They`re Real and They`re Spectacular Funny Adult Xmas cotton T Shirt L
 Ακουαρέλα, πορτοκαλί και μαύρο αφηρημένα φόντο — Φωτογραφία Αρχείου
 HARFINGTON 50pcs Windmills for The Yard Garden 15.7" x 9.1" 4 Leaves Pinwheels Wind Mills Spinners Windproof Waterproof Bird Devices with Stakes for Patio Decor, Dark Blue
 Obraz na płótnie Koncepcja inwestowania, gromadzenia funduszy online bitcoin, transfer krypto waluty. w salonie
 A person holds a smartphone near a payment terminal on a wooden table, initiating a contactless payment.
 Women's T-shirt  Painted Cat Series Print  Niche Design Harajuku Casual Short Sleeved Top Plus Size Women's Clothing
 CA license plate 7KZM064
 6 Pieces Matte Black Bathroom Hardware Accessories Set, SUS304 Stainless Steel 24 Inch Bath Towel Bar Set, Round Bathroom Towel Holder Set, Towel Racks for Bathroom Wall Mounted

================

What is needed >> Exactly as written, give the line containing "Size Women's Clothing" and all remaining lines of the records.

Response for this exercise >>
 Women's T-shirt  Painted Cat Series Print  Niche Design Harajuku Casual Short Sleeved Top Plus Size Women's Clothing
 CA license plate 7KZM064
 6 Pieces Matte Black Bathroom Hardware Accessories Set, SUS304 Stainless Steel 24 Inch Bath Towel Bar Set, Round Bathroom Towel Holder Set, Towel Racks for Bathroom Wall Mounted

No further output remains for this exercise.